That said, if you’re struggling to decide what modifier to get, I’d suggest a simple softbox of decent size. They’re pretty versatile, plus they’ll get you that nice, diffused, window-lit look. Over time, you can accumulate a set of modifiers for different occasions (and fortunately, modifiers are quite cheap, so you don’t need to worry about breaking the bank).
7. A 5-in-1 reflector
Whether you use natural or artificial lighting, reflectors are an absolutely essential piece of portrait photography equipment.

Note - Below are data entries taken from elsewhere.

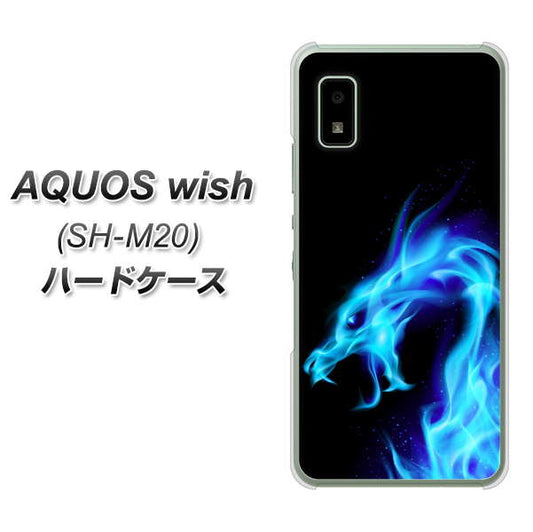 AQUOS wish SH-M20 高画質仕上げ 背面印刷 ハードケース【616 ドラゴンの叫び】
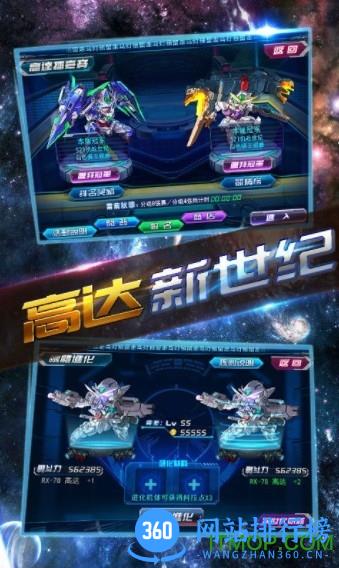 高达新世纪游戏下载 高达新世纪游戏下载
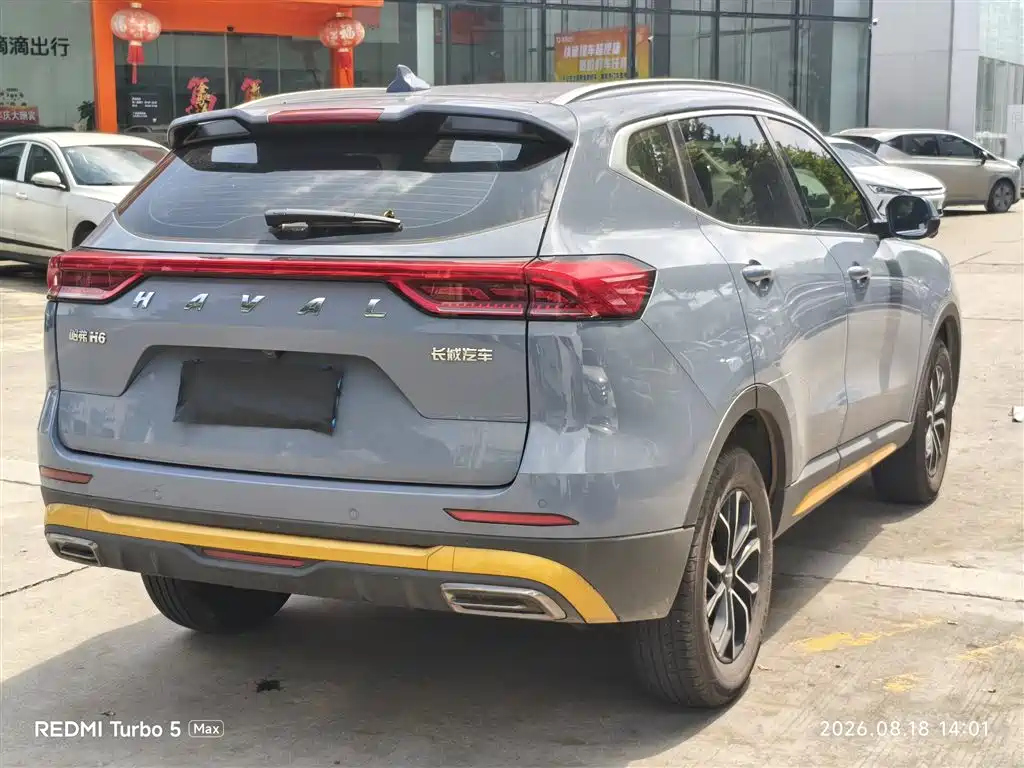 Haval H6 2025 — фото 9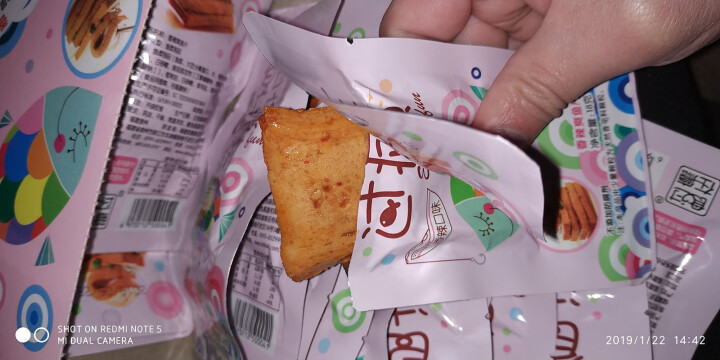 爱尚 食在过瘾爽鱼片360g/盒(休闲鱼零食) 千层鱼豆腐即食鱼制品豆干零食 香辣味爽鱼片360g*1盒怎么样，好用吗，口碑，心得，评价，试用报告,第4张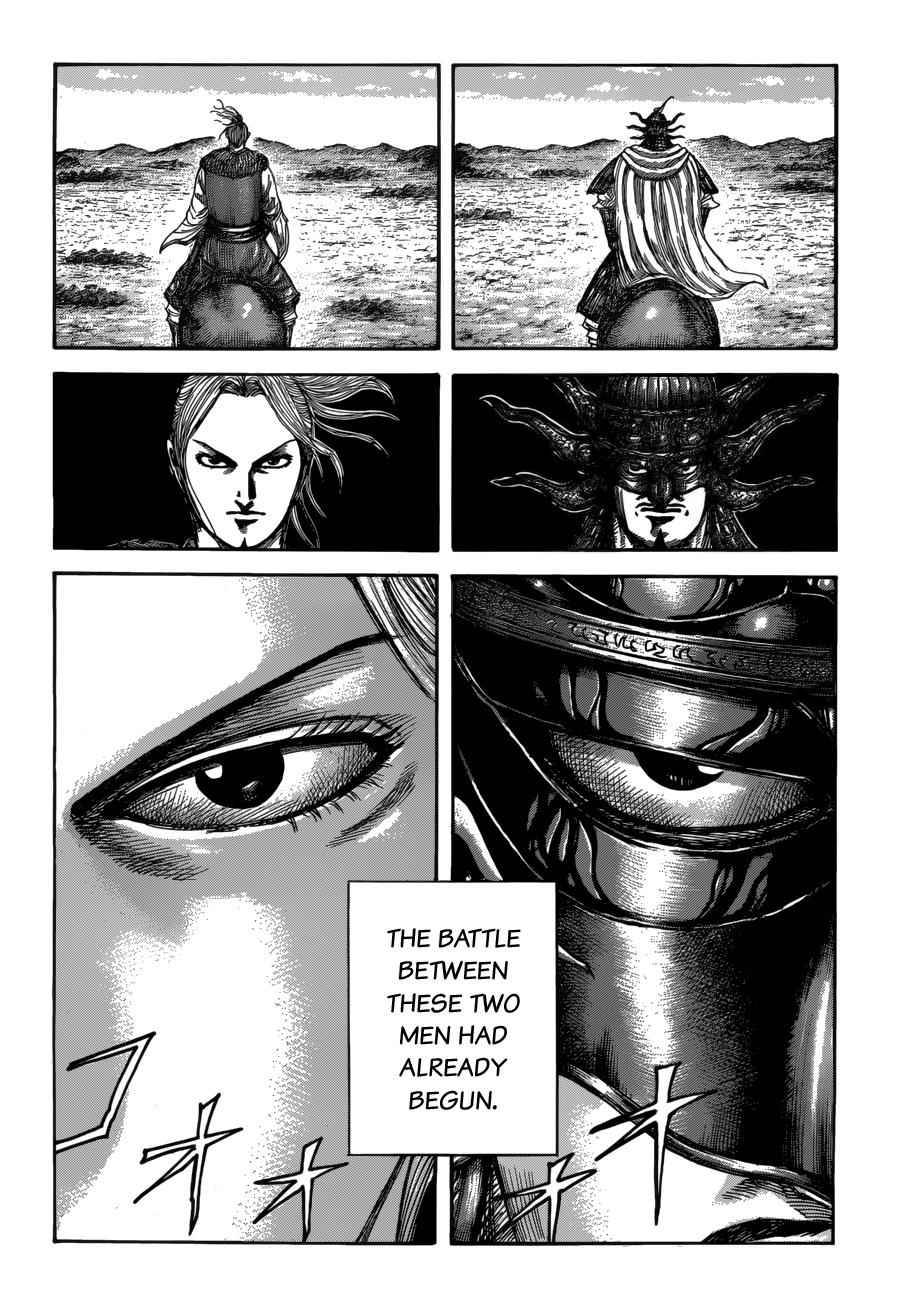 kingdom (E) Chapter 519 page 6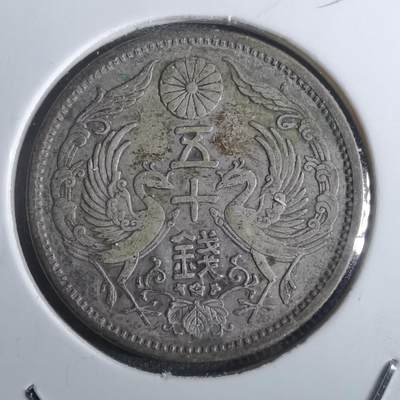 沼泽如烟--第850场 - 大正十三年双凤五十钱银币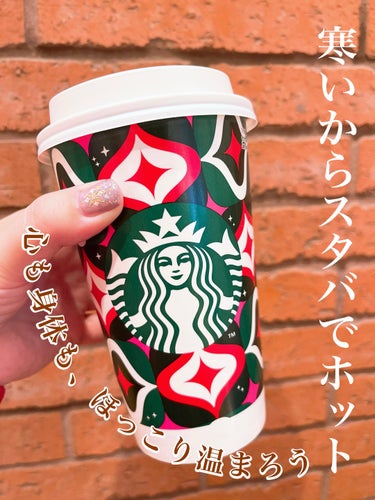 @フォロバ on LIPS 「寒い日は、大きめコーヒーが飲みたい冷え性です😵‍💫そんなんでス..」（1枚目）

Reflectors let you subtly modify the light until your portraits look perfect. For instance, you can reflect light under your subject’s chin to get rid of dark shadows. You can reflect backlit sun for a beautiful look.
And because 5-in-1 reflectors come with several different colors, you can capture creative effects – such as a golden portrait at sunset, a silvery portrait around midday, and so on.
Finally, since reflectors are so portable, you can literally carry your 5-in-1 set everywhere. And if you’re a studio photographer, you’ll appreciate a reflector, too, as you can place it opposite your light sources to soften any shadows.
(Pro tip: Studio photographers, if you have space, it’s a good idea to have one large reflector propped up on a stand in your studio – here, lockable caster wheels come in handy!)
Essential portrait photography gear: final words
Now that you’ve finished this article, you’re ready to compile your portrait photography kit – and take some stunning shots of your own.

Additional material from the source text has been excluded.